Trading has been halted on the ASX since around 14:00AEST this afternoon, after an unspecified technical issue delayed the market opening.
This was so bloody annoying today lol literally tried to buy before work and then after work and couldn't both times all while watching the POG steadily rise. Havn't bought shares for close to a year, Murphys law eh
So the ASX wasnt working for a while. Say the whole ASX irretrievably melted down, what would those who held shares be left with? Shares, that's what! What will have happened to the physical companies behind the shares? Nothing, except their shares cant be bought or sold for a while. Who will still own the companies? Not no-one, shareholders. Shareholders will still have paper certificates of their shares from CHESS (Clearing House Electronic Sub-register System) - of course I could explain what that is, but I decline. Registries will still have their files of shareholders - unless they simultaneously melted down. Brokers will have their records of shares transacted through them. Shareholders may well have kept their emailed contracts of share purchases in a file.

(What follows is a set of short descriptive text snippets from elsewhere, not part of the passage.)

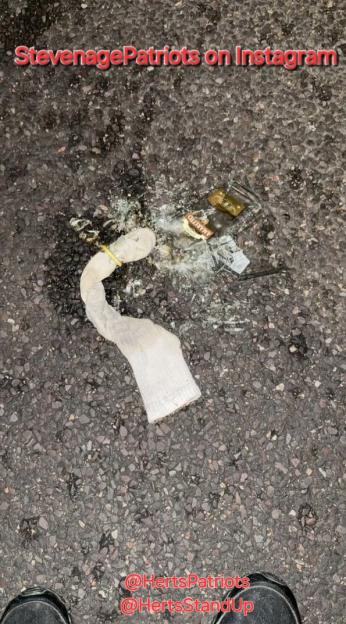 Broken bottle and sock on the ground.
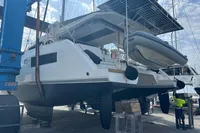 2018 Leopard 45 catamaran in dry dock with solar panels and dinghy.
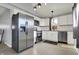 Modern kitchen featuring stainless steel appliances, white cabinets, subway tile backsplash and hardwood floors at 621 Melvenia St, Indianapolis, IN 46219
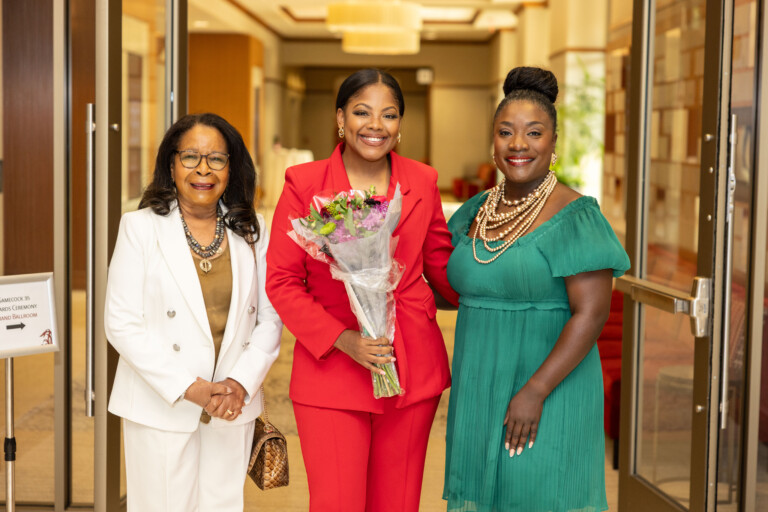 Three women stand together in a brightly lit entrance area, celebrating an occasion. The woman in the center wears a bright red suit and holds a bouquet of flowers, smiling widely. The woman on the left is dressed in white with a gold top and holds a small handbag, while the woman on the right wears a green dress and a statement necklace, also smiling. A sign for an awards ceremony is visible in the background.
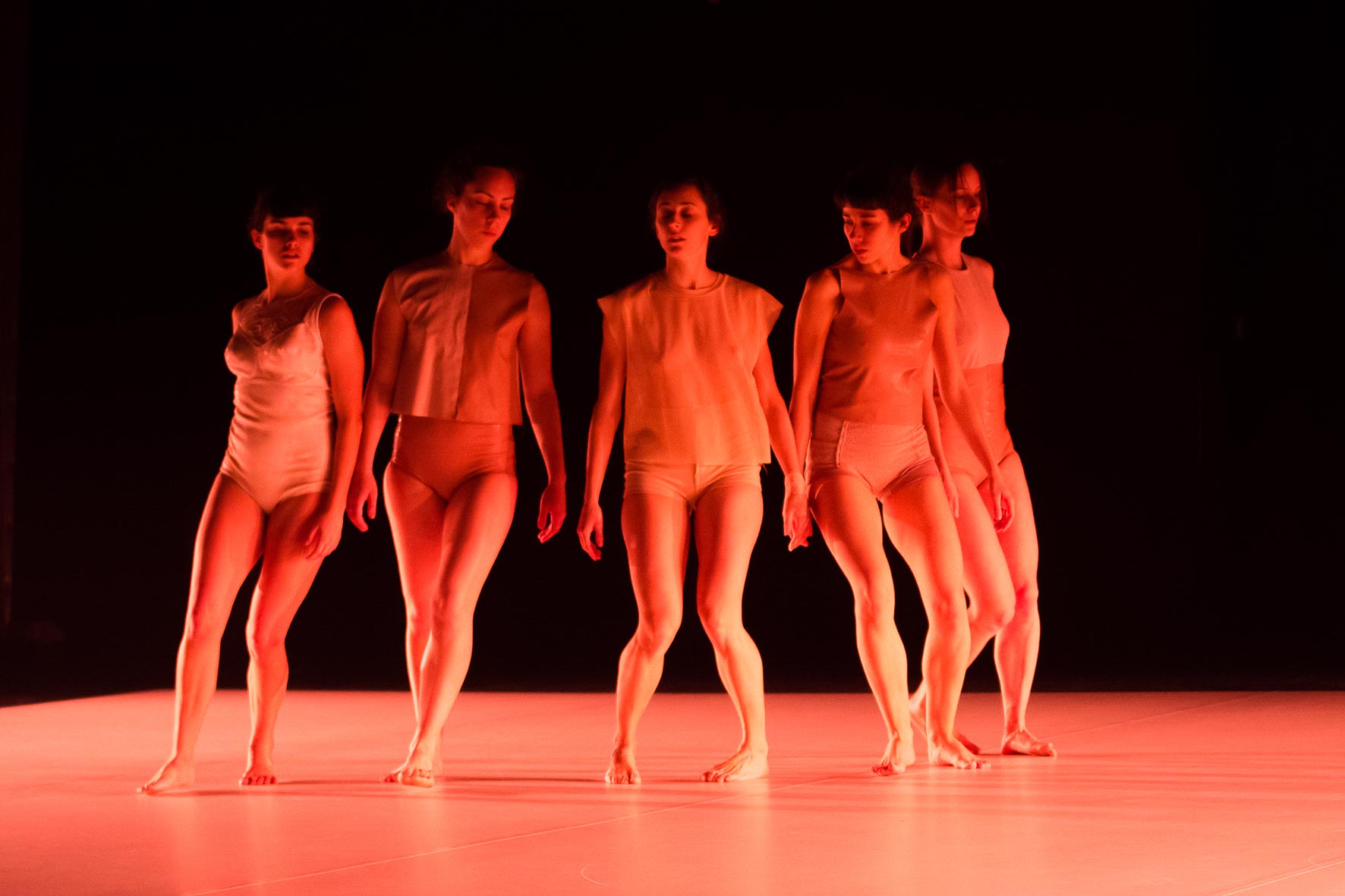 Grupo de bailarinas iluminadas con luz roja representando un momento de la coreografía La piel vacía de Paloma Muñoz en el SAT! Teatre de Barcelona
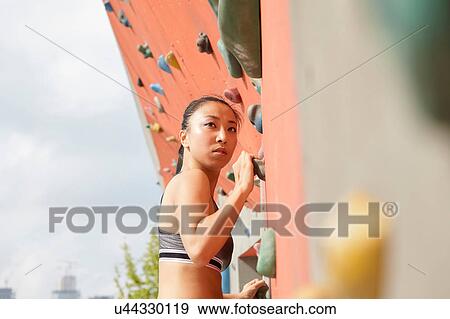 Woman on climbing wall View Large Photo Image Stock Photo - Woman on climbing wall. Fotosearch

But no liquidity which can be very bad, especially if creditor obligations have to be met. There's also the possibility that those bits of paper will be worth substantially less when a market eventually reopens. Sure, there is a record that you have them, but it sucks if by the time you can liquidate them, they are worth substantially less than what you hoped to sell them for. Imagine you were holding a stock, lets say LEH, and you decide the fundamentals really suck so Monday you'll dump your position at a slight loss. So, Monday rolls around but f*ck, the exchange is down... crap, crap, crap!! You still have LEH!! Then Tuesday happens...
That was a function of the business Lehman was in and how the company conducted itself. You own shares in a mining company or a bank that you're happy with. The ASX blows up. It takes weeks to rebuild it. It opens for trading - what, you're going to rush to the exits when there's nothing wrong with the business of your companies? If you're imagining a situation where the ASX blows up, and mysteriously during the no trading period there's bad news about your companies, you're in the same boat as everyone else - you get to join the rush to sell at the same time, just as you would had there been no exchange breakdown.

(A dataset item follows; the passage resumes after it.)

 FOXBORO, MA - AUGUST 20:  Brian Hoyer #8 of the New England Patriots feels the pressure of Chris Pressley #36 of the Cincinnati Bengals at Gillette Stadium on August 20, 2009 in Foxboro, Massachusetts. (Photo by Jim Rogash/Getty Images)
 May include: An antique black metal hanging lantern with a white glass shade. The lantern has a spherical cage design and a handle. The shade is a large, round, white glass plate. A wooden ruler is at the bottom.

Solid arguments both sides, but if orchestrated along with a bank holiday, you are left holding nothing except for worthless digital and paper promises.
I think the better inference here in regards to a cashless society is that if the ASX can be down for a day then surely the banks can too. And if the banks go down for a week in a cashless society, then what? Cars and trucks stop, most people become very worried about food; it would become a very slippery slope very quickly.